Paddy Ashdown wrote that economic crisis triggered by the war in Georgia would cause Russia to improve relations with the European Union.

The Central Bank of Russia used $74 billion in December 2008 to halt the fall of ruble which had started after the Russian invasion of Georgia in August 2008.

==2009==
The Central Bank of Russia announced in January 2009 that third quarter of 2008 saw a net capital outflow of $17.4 billion, while $130.5 billion left Russia in the fourth quarter. As of 30 January 2009, the Central Bank of Russia had disbursed $211 billion since August 2008.

Petrozavodsk Shipbuilding Plant announced in January 2009 that the Russian financial crisis compelled it to consider selling of warship even to Georgia.

On 3 March 2009, Kommersant newspaper reported that a large part of promised Russian financial aid had not yet arrived in South Ossetia due to dispute between South Ossetian and Russian authorities on the control mechanism of spending.

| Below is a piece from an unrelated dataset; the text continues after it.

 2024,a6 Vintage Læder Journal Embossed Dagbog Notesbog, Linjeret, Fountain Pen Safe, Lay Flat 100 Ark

Russian expert Mikhail Aleksandrov explained the wish of Russia to control South Ossetian spending as caused by the financial crisis and that the Russian government lacked funds for Russia's own regions. Kommersant reported on 16 March 2009 that the government-affiliated workers in Tskhinvali received their January-February wages only in March and the authorities explained this delay as caused by the financial crisis in Russia.

In late March 2009, Russian Minister of Regional Development Viktor Basargin stated that by the year's end, the financial crisis could cause the number of budget donor regions to drop to only two: Moscow and Saint Petersburg.